Les analyses économiques(1*) montrent que ces petites fermes,
en permaculture ou en maraîchage biologique faiblement mécanisé, peuvent obtenir des résultats tout à fait honorables. La probabilité de dégager un revenu équivalent au Smic pour une charge de travail décente est élevée pour les fermes en routine (de l’ordre de 90 %), nettement supérieure à celle observée pour des fermes plus mécanisées et travaillant des surfaces plus importantes (en moyenne, 10 000 m² par actif) avec des investissements et des charges beaucoup plus conséquents, qui correspondent aux recommandations des services de développement agricole. Ces derniers points sont essentiels pour le succès des projets d’installation qui se multiplient aujourd’hui: le foncier reste difficile d’accès et les capacités d’investissement des porteurs sont souvent limitées. Il n’en demeure pas moins que l’installation en maraîchage permaculturel reste un défi sérieux. Beaucoup de projets échouent, faute d’avoir mesuré l’exigence du travail maraîcher, faute d’avoir organisé un circuit de commercialisation sûr, faute de compétences pratiques pour concevoir et conduire le système désiré : la formation et l’apprentissage sur le terrain, de ferme en ferme, demeurent la clef de la réussite.

 

François Léger
Enseignant-chercheur en agroécologie (AgroParisTech)

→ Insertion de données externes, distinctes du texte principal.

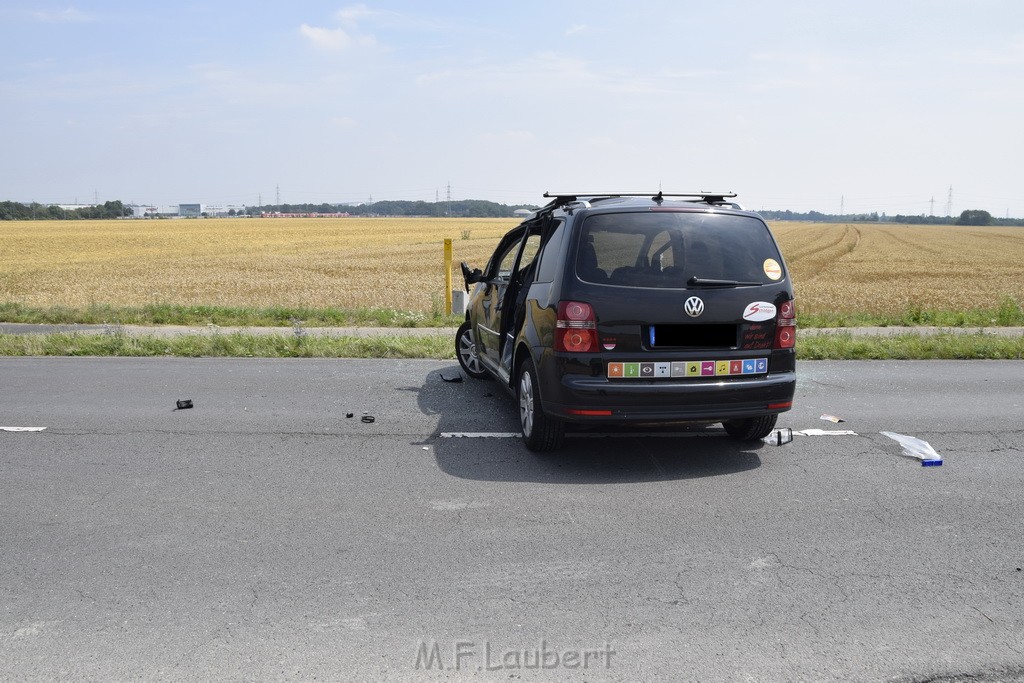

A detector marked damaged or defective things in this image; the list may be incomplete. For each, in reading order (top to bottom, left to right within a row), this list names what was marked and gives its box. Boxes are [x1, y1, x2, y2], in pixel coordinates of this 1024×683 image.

cracked asphalt road [0, 360, 1020, 680]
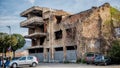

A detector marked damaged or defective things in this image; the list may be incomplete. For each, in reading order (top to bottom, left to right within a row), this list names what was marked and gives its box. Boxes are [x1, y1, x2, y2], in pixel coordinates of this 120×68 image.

damaged building [20, 3, 114, 62]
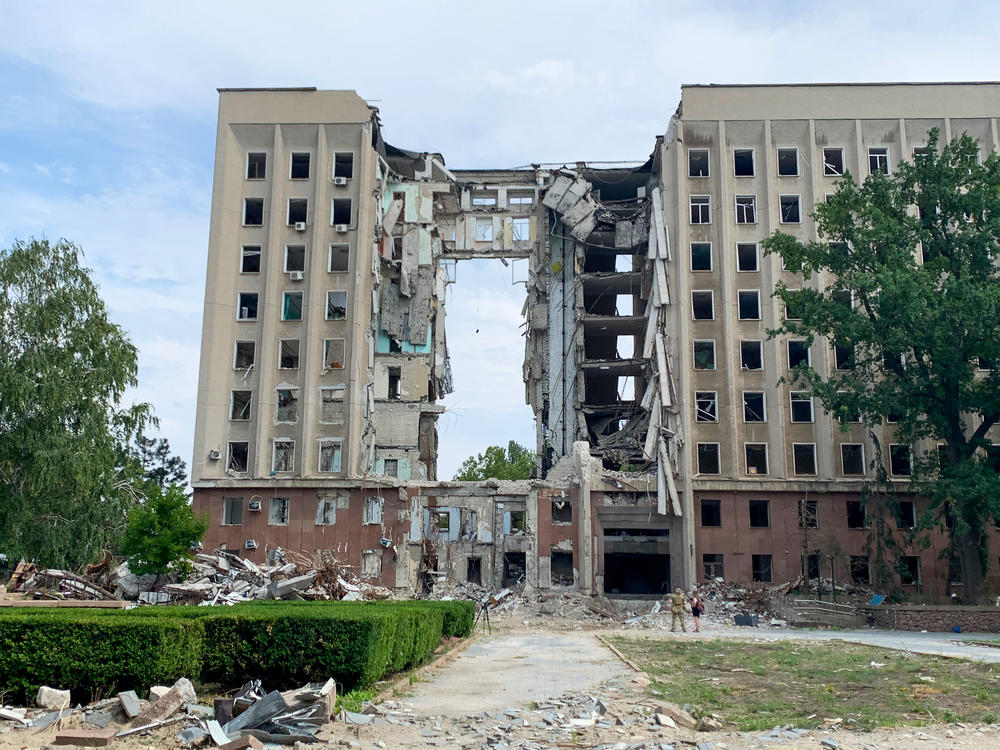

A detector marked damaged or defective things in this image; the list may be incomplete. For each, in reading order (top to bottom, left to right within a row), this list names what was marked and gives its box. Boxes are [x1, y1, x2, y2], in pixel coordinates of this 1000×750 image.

damaged exterior wall [191, 83, 1000, 600]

(1*)Morel K. 2018. Viabilité des microfermes maraîchères biologiques. Diffusion des principaux résultats de thèse. https://hal.archivesouvertes.fr/hal-01930607

Le Potager de Loire : Un exemple de permaculture péri-urbaine

Antoine Cormery (à gauche) est ingénieur en horticulture. Yolain Gauthier vient, lui, de l’hôtellerie-restauration. Ils se sont associés en 2019 pour créer une micro-ferme maraîchère « agroécologique et permacole » © A. Cormery

 

Participer à nourrir les humains sainement et durablement, telle est l’envie qui a conduit Antoine Cormery (ingénieur en horticulture) et Yolain Gauthier (en provenance de l’hôtellerie-restauration) à s’associer en 2019 pour créer une micro-ferme maraîchère qu’ils qualifient « d’agroécologique et permacole ».

Ils cultivent donc ensemble, aux portes de Tours (Indre-et-Loire), sous label AB(1*), 5 000 m² de terres sablonneuses (dont 1 000 m² sous tunnel) mises à disposition par la métropole.

En dehors de toute idéologie, mais conformément aux principes agronomiques de la permaculture et de l’agroécologie, les légumes sont produits sans utilisation d’engrais de synthèse ou de pesticide(2*). Seuls les paillages organiques sont utilisés (broyats de bois et foin). Ils participent à réduire le désherbage en occultant les planches tout en nourrissant le sol, en association avec des amendements en compost, fumiers et des « engrais verts » (féverole, phacélie, trèfle, vesce, avoine).

Le travail du sol est réalisé uniquement à la grelinette et la mécanisation n’est pratiquée que pour le débroussaillage d’entretien.

Enfin, de nombreuses zones refuges de biodiversité sont aménagées. Ainsi, chacun des jardins est traversé par une haie constituée d’arbres fruitiers, de fixateurs d’azote et de petits fruits. Il y aura bientôt un mini-poulailler (25 poules).

Les légumes sont écoulés en paniers, via un système d’abonnement hebdomadaire, vers les particuliers et les restaurateurs tourangeaux. Pour leur première année, Antoine et Yolain espèrent atteindre un chiffre d’affaires de 30 000 à 40 000 €

 

(1*) AB: agriculture biologique.
(2*) Sauf en cas d’accident sanitaire et avec les produits autorisés en agriculture biologique.